Single-Image Inference: Efficiently recovers full-body mesh and poses from a single RGB image without requiring complex multi-view setups.
SMPL-X Standard Output: Directly outputs expressive SMPL-X parameters, including body, hands, and face, ensuring compatibility with standard graphics and animation pipelines.
Plug-and-Play Modularity: Seamlessly integrates pre-trained body and hand estimators through a lightweight modulator, achieving state-of-the-art results without expensive full-body retraining.
Limitations of previous works
Hand-only Estimators: Recover isolated hands well but fail during interactions due to a lack of full-body context.
Whole-body Estimators: Capture global structure but lack hand accuracy because whole-body datasets have limited hand diversity.
Naïve Combination: Simply attaching hand outputs to the body leads to implausible wrist poses, especially under occlusion, as they ignore the upper-body kinematic chain.
Hand4Whole++
Efficient Learning under Limited Supervision: Primarily trained on hand-only datasets to capture diverse and challenging hand poses, despite the absence of full-body labels.
Preserving Pre-trained Expertise: Employs foundational whole-body and hand pose estimators, keeping them frozen during training to maintain their specialized capabilities and generalization.
Lightweight Optimization: Only the CHAM module is trained to modulate whole-body features with hand-centric cues, providing a highly efficient and practical "plug-and-play" solution.
Architecture
Hand4Whole++ is a modular framework that bridges the supervision gap between whole-body and hand-only estimation without retraining foundational models.
Conditional Hands Modulator (CHAM): A lightweight, trainable module that refines whole-body features by injecting informative, hand-specific cues.
Frozen pre-trained Estimators: Leverages specialized whole-body and hand pose estimators by keeping them frozen to preserve their original expertise.
Efficient Training: Only the CHAM module is trained, providing a practical, high-performance "plug-and-play" solution.
Decoupled Transfer: Hand-specific accuracy is incorporated through CHAM for wrists and upper-body poses, while finger details are transferred via rigid alignment.
Conditional Hands Modulator (CHAM)
Hand-Specific Conditioning: Injects informative hand features into the whole-body stream to refine wrist orientation and upper-body kinematics.
Spatially Aligned Modulation: Uses inverse affine transformations and zero-initialized convolutions to maintain precise spatial alignment with the global body context.
Lightweight & Efficient: Optimized for speed, adding only 10ms of latency while keeping pre-trained estimators frozen.
Finger and shape transfer
High-Fidelity Integration: Leverages stable local finger poses from specialized estimators while discarding unstable global wrist predictions.
CHAM-Guided Orientation: Final wrist placement and orientation are determined by the body model, which is significantly refined by CHAM for global consistency.

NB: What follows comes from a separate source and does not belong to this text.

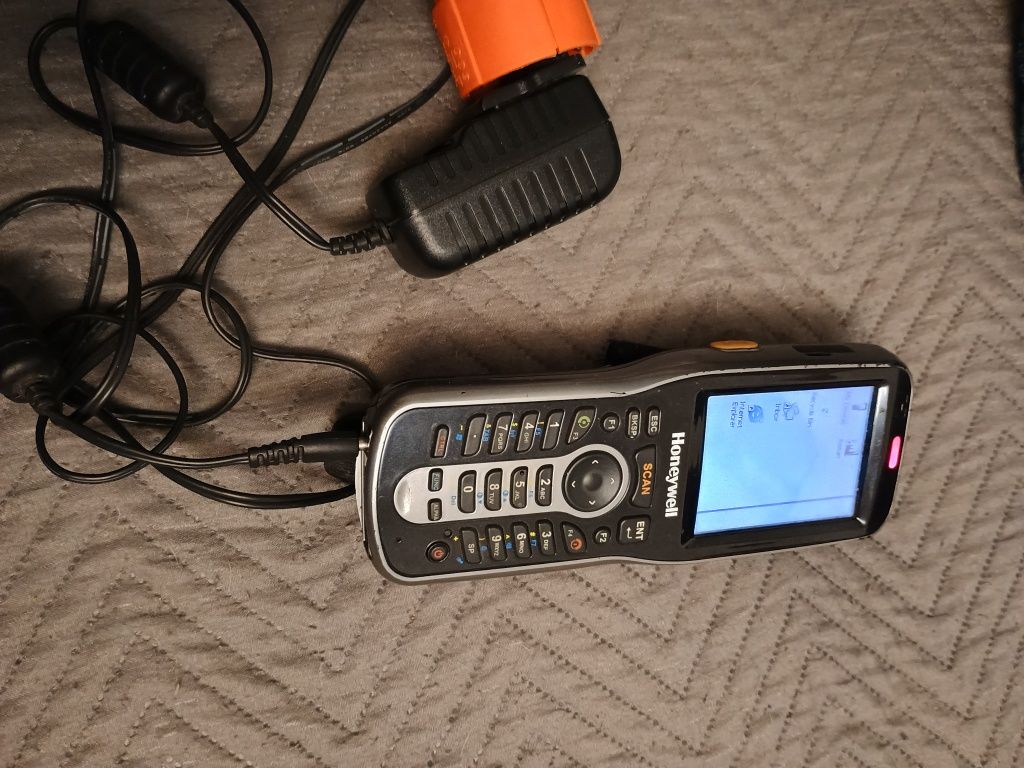 Terminal HONEYWELL Dolphin 6100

Differentiable Rigid Alignment: Uses a differentiable transformation based on wrist and MCP joints to seamlessly align the detailed hand mesh to the body.
CHAM ablation
Comparison with Fine-tuning: While directly fine-tuning a whole-body model on hand-centric datasets improves hand accuracy, it often causes the model to overfit, leading to distorted and implausible body poses.
Preserving Generalization: Hand4Whole++ maintains the original model's robust body reasoning while significantly boosting hand precision by modulating features through the frozen backbone.
Anatomical Coherence: Unlike naive fine-tuning, our CHAM-based approach ensures that hand enhancements are kinematically consistent with the entire upper-body structure.